■ **WHAT TO PRODUCE**
Read the records and gather each line that includes "Unidos".

[Web page caption snippets]
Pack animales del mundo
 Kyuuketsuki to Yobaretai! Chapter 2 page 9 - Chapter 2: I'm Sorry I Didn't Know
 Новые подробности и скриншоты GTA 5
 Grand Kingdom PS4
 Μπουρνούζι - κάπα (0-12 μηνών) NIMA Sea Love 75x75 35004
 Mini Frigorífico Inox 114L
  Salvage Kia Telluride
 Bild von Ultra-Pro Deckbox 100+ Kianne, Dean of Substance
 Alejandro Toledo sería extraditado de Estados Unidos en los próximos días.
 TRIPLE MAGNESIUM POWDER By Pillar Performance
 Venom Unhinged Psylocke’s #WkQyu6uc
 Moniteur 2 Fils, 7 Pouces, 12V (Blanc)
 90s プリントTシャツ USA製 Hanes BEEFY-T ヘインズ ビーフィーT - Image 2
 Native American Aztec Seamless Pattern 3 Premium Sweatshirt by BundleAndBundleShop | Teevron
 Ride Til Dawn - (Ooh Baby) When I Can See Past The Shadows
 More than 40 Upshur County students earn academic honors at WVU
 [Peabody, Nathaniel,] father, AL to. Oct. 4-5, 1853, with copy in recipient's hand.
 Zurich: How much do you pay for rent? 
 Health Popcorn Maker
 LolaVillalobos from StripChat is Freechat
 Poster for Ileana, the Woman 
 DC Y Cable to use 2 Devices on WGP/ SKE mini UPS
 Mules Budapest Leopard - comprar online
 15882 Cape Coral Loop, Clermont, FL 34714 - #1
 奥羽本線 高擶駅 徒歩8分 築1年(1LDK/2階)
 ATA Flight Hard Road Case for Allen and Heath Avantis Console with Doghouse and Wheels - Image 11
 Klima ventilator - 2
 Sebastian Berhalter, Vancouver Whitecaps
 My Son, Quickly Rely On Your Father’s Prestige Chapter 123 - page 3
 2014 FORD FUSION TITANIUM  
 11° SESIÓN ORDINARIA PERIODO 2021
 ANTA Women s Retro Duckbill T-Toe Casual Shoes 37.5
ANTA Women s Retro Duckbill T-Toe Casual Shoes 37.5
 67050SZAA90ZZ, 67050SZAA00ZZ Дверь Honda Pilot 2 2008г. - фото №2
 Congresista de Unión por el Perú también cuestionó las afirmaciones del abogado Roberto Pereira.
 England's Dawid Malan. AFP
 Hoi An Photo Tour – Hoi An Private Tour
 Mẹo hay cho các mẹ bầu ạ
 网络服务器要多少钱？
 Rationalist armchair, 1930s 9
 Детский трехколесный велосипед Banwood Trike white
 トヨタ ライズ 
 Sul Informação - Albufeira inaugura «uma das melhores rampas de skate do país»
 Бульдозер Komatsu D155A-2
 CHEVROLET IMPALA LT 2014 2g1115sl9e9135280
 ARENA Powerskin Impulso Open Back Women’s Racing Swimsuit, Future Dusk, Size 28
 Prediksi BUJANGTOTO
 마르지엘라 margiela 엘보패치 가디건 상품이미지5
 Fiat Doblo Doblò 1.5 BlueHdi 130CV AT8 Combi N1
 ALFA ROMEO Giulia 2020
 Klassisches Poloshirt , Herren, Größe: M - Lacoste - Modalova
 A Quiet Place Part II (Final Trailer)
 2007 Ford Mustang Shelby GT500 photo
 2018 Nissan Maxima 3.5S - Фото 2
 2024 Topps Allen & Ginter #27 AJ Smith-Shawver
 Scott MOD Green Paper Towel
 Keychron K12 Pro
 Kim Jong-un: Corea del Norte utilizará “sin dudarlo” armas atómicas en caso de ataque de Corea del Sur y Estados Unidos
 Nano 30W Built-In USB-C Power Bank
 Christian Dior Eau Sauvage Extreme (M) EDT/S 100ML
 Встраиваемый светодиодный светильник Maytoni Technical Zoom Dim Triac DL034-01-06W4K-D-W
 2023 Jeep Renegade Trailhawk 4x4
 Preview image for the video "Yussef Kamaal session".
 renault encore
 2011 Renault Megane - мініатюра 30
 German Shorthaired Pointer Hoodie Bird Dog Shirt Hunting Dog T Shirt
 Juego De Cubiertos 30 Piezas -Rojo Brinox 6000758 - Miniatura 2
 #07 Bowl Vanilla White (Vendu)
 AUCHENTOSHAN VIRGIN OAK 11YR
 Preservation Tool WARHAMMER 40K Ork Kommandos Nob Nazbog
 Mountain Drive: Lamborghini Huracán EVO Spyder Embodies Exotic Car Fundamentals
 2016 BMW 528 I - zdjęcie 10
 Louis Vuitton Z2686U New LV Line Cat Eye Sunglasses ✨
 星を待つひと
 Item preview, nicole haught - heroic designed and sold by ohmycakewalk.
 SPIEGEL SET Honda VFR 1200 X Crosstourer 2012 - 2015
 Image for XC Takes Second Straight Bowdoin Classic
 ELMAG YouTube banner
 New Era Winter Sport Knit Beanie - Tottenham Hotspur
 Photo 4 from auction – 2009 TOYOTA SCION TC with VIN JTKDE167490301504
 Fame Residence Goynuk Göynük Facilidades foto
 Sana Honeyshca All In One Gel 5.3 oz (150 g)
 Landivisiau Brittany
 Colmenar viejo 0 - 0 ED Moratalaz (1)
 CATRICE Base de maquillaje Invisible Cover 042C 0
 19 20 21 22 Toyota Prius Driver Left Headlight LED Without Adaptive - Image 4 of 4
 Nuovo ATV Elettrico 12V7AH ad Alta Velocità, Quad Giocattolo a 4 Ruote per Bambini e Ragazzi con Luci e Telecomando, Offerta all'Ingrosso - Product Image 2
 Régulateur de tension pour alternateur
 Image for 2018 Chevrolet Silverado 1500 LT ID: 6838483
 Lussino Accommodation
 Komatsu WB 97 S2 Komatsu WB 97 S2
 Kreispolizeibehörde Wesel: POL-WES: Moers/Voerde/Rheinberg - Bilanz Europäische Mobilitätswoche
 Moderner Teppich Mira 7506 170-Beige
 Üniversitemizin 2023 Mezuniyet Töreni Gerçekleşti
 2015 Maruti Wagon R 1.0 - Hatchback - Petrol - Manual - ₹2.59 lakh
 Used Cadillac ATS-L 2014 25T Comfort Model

■ **ANSWER AREA**
 Alejandro Toledo sería extraditado de Estados Unidos en los próximos días.
 Kim Jong-un: Corea del Norte utilizará “sin dudarlo” armas atómicas en caso de ataque de Corea del Sur y Estados Unidos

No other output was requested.